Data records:
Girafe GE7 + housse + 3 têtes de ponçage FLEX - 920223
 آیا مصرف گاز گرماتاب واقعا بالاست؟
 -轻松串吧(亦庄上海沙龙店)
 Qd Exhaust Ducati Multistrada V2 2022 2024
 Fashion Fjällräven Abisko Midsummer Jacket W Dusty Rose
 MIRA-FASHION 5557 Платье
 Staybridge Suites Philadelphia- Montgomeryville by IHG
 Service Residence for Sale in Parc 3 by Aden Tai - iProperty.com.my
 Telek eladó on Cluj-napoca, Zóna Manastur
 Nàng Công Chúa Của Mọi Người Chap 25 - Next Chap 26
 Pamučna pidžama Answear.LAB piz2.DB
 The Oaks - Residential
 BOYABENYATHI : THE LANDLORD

WHAT IS REQUIRED:
Go to the line with "MIRA-FASHION 5557 Платье" in the entries above and repeat every line from there through the line with "Pamučna pidžama Answear.LAB piz2.DB", exactly and with no other text.

RESPONSE TO THE TASK:
 MIRA-FASHION 5557 Платье
 Staybridge Suites Philadelphia- Montgomeryville by IHG
 Service Residence for Sale in Parc 3 by Aden Tai - iProperty.com.my
 Telek eladó on Cluj-napoca, Zóna Manastur
 Nàng Công Chúa Của Mọi Người Chap 25 - Next Chap 26
 Pamučna pidžama Answear.LAB piz2.DB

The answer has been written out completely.